# EXERCISE DATA:
◇ ◇ ◇
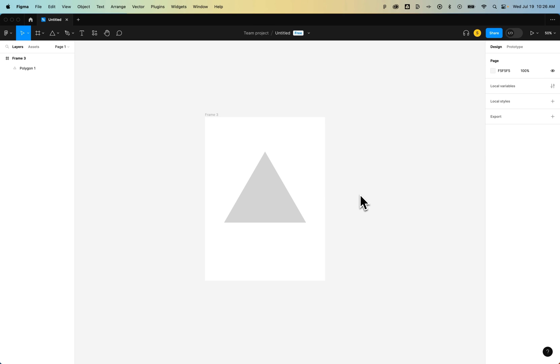How do you export a vector in Figma? You need to add an export setting to either a frame or an object, and then choose the correct export setting.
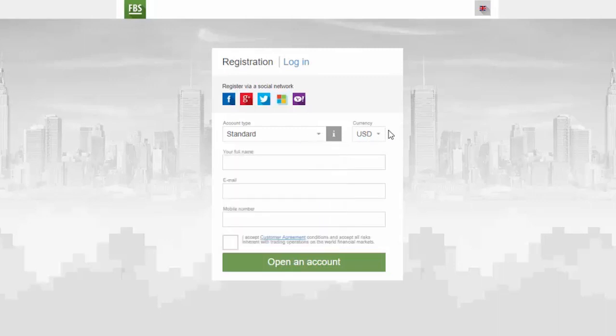Next, you have to set the currency of your account and fill in your full name, email and mobile number.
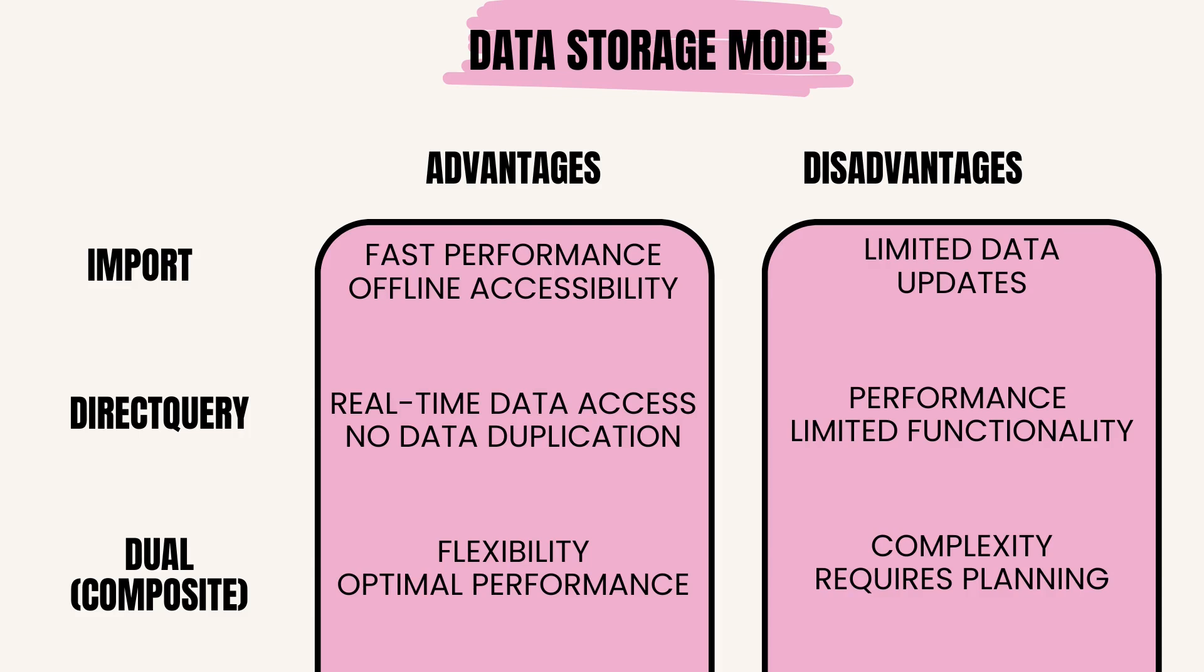Disadvantages: complexity - managing different storage modes for different tables can add complexity to data modeling and maintenance. Requires planning - proper planning is needed to determine which tables should be imported and which ones should be queried directly.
◇ ◇ ◇
# TASK ITEM:
Hand back the data exactly as it appears, with all pictures cut.

# ANSWER TO THIS EXERCISE:
How do you export a vector in Figma? You need to add an export setting to either a frame or an object, and then choose the correct export setting.
Next, you have to set the currency of your account and fill in your full name, email and mobile number.
Disadvantages: complexity - managing different storage modes for different tables can add complexity to data modeling and maintenance. Requires planning - proper planning is needed to determine which tables should be imported and which ones should be queried directly.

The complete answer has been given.